One note -- there is/there are can be used with a combination of objects -- in this case, it is the first object mentioned whic determines if it will be is or are. Here is an example of what I mean:
There is a table and 4 chairs.
or the same idea:
There are 4 chairs and a table.
Hope this helps.
KatrinaIan


----------



## mplsray

Ratona said:


> We say "there are people" because the noun implies a plural (more than one person)
> 
> When speaking we often use there's + plural because we are lazy and there is not a shorter form of "there are"


 
Economy of effort is not the same as laziness, which is a moral failure.

There _is_ another short form of _there are,_ and it is likely the reason that people say _there's_ (not _there is_) as one of the short forms of _there are._ The other short form of _there are_ is _there're._ I expect that it was a reaction against the rather strange _there're_ that led people to substitute _there's._ This is reminiscent of the rejection of the question tag _amn't I?_ in favor of _aren't I?_ And like that construction, _there's_ used with a plural subject is indeed used in speech by many standard speakers, including me.


----------



## barbaria

*There's + plural*: wrong grammatically.


----------



## mplsray

barbaria said:


> *There's + plural*: wrong grammatically.


 
But right idiomatically, at least in informal standard usage, whether spoken or written.

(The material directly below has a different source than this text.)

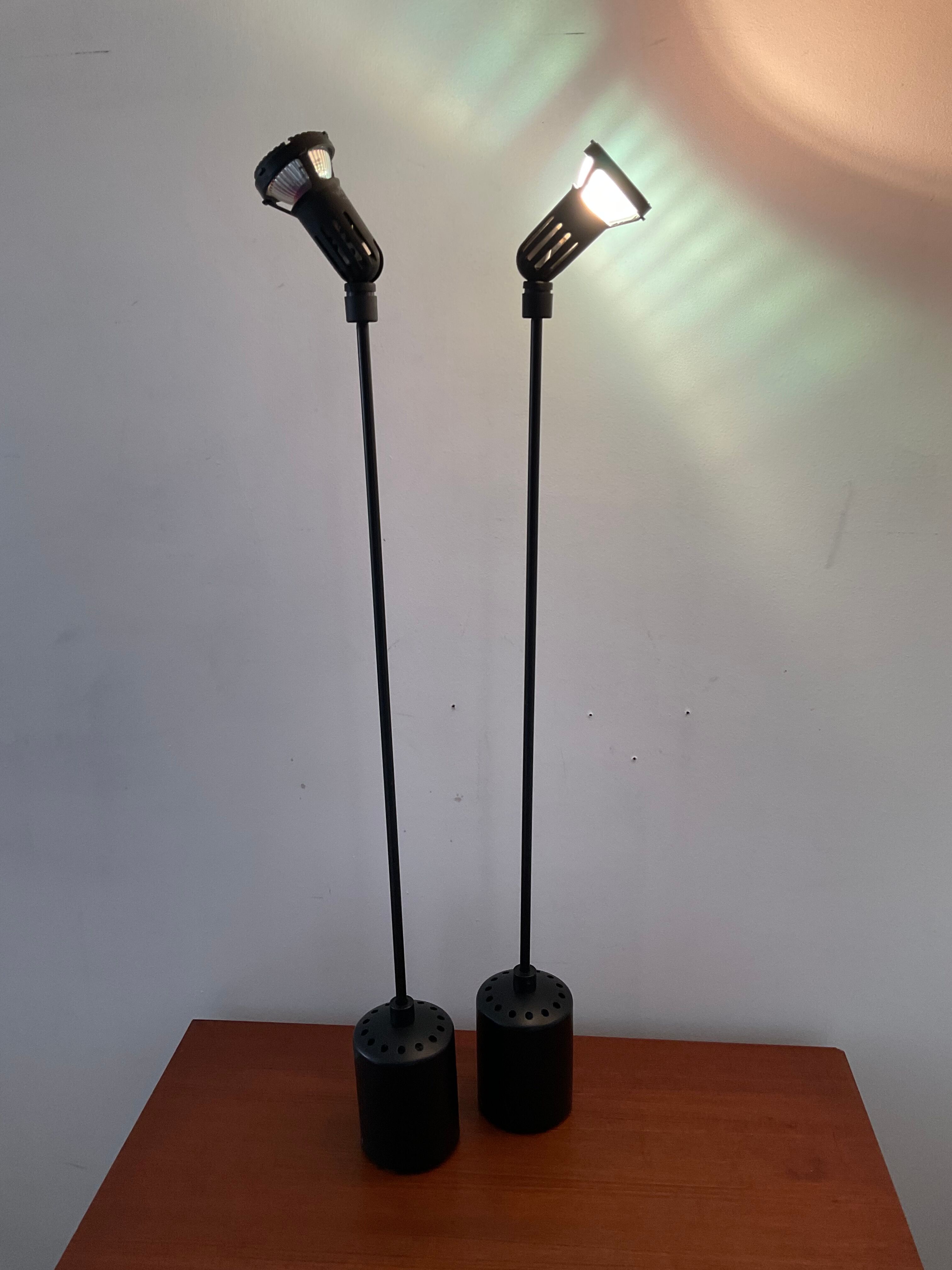 Paire de lampes vintage des années 70-80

The Usage Panel of the current edition of the _American Heritage Dictionary_ tends to be more conservative than I am on English usage. But even they accept some usages of _there's_ followed by a plural subject.


----------



## Jake32

Thanks to all of you for helping me out on this one. This is a great forum. I hope to get the chance to discuss grammatical issues with you guys again in the future. 

Take care!

Best regards 
Jake32


----------



## ebreshea

gwrthgymdeithasol said:


> You have to keep the 'register' in mind. "There was" would be OK (probably the most common version to pass people's lips) in speech, but "there were" undoubtedly sounds more 'elegant' to most people. If I was writing a fairy tale, I'd use "there were".
> 
> My point was there's nothing necessarily illogical about having 'there is' before a following plural noun. Many languages have the equivalent of 'there is', and even in English there are difficulties: few would say "look, there are the police!" even when they probably say "the police are coming".

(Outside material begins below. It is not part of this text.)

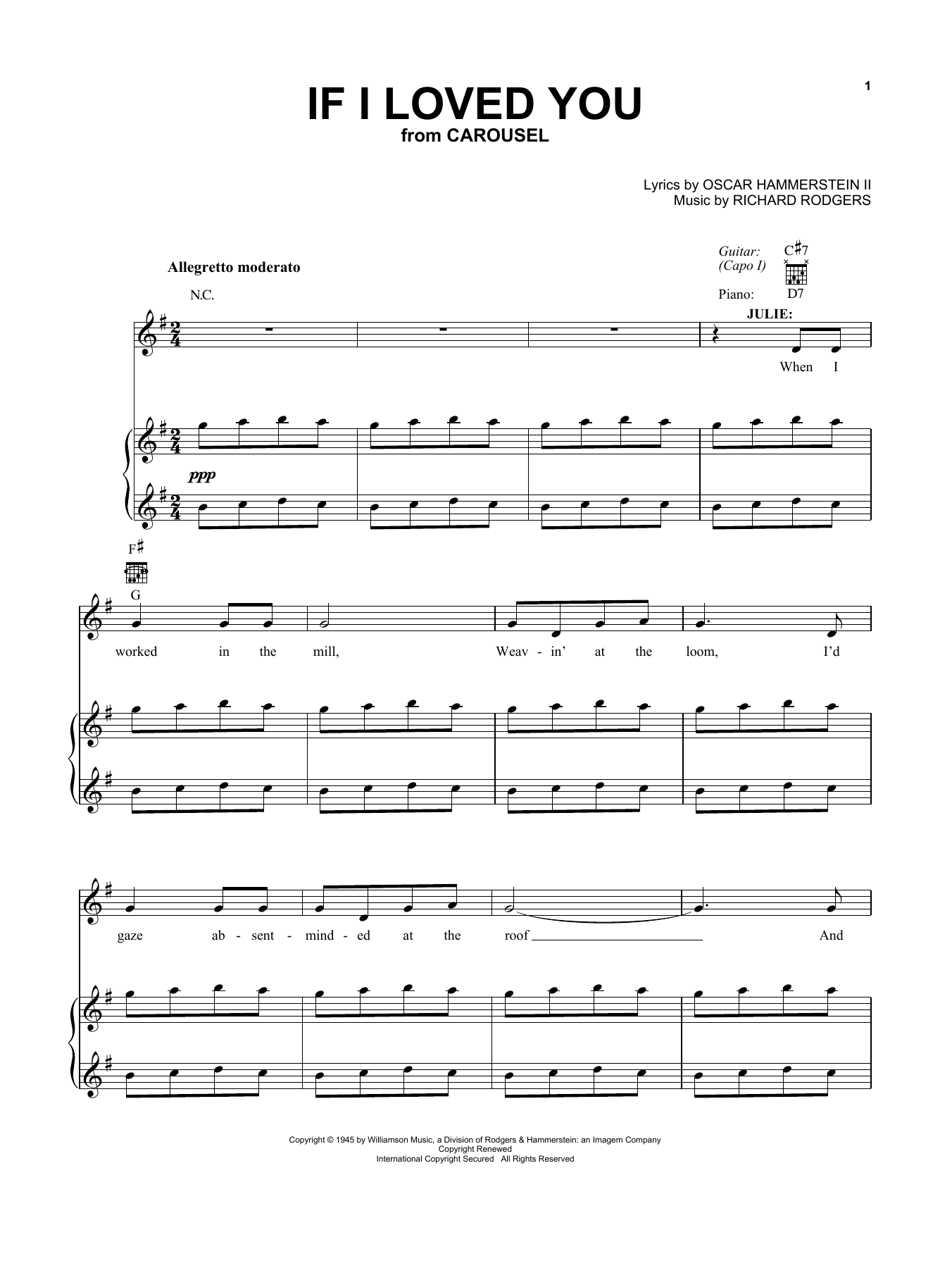 Product gallery: Page 1 of 1 If I Loved You, Rodgers & Hammerstein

Wow this thread is really old.  I hope I can clear it up though if anyone stumbles upon this like I did.  

I would have to disagree with you gwrth.  This is my first visit to this site, I hope you don't mind my input.

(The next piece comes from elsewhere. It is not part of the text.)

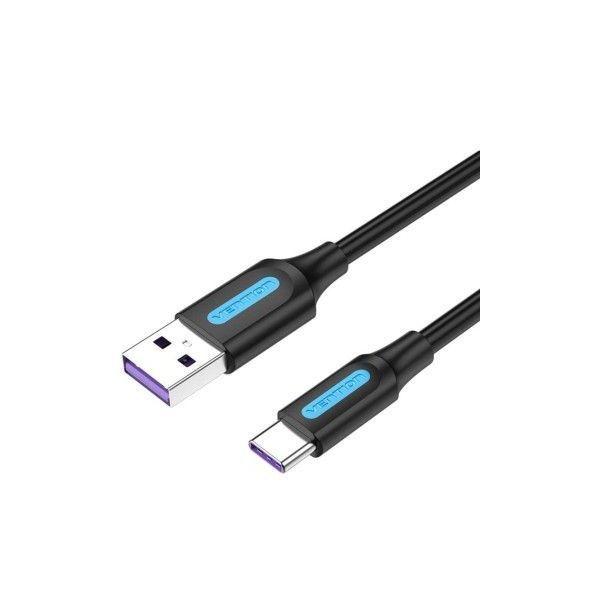 Cabo USB-A para USB-C VENTION COFHH (2 m - USB-A macho - USB-C macho - Preto e Cinzento), miniatura 2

In order for "were" or "are" to make sense, it must be followed by a plural noun.  What's special about using "and" is you imply connecting the beginning of the sentence to whatever follows the "and".  It's up to the reader/listener to determine which parts of the sentence you're connecting.  This might sound confusing, let me give an example:

"Once upon a time there was a king and a queen."
Translates to: "Once upon a time there was a king and there was a queen."

or
"There is a book and a pencil on the table."
Translates to: "There is a book and there is a pencil on the table."

Notice that even though there are multiple subjects, each noun is singular.  You wouldn't say "There are a book on the table", any more than you would say "There are a book and a pencil on the table".  As a native english speaker, you can usually tell when these just don't sound right.  Here's another example:

"I am a lover and a poet"
NOT
"I are a lover and a poet"

Hope this helps somebody, if anyone ever reads it


----------



## ali7772016

*<Thread merged with an earlier thread. Nat, Moderator>

There …………water, tea ,orange juice and coffee.
(a) are
(b) is
I think both of them are OK
What about you?*


----------



## Barque

Only "is" is correct. I'll let someone else explain why.


----------



## natkretep

I think _are_ is theoretically possible because 'water, tea, orange juice and coffee' constitutes four items and is logically plural.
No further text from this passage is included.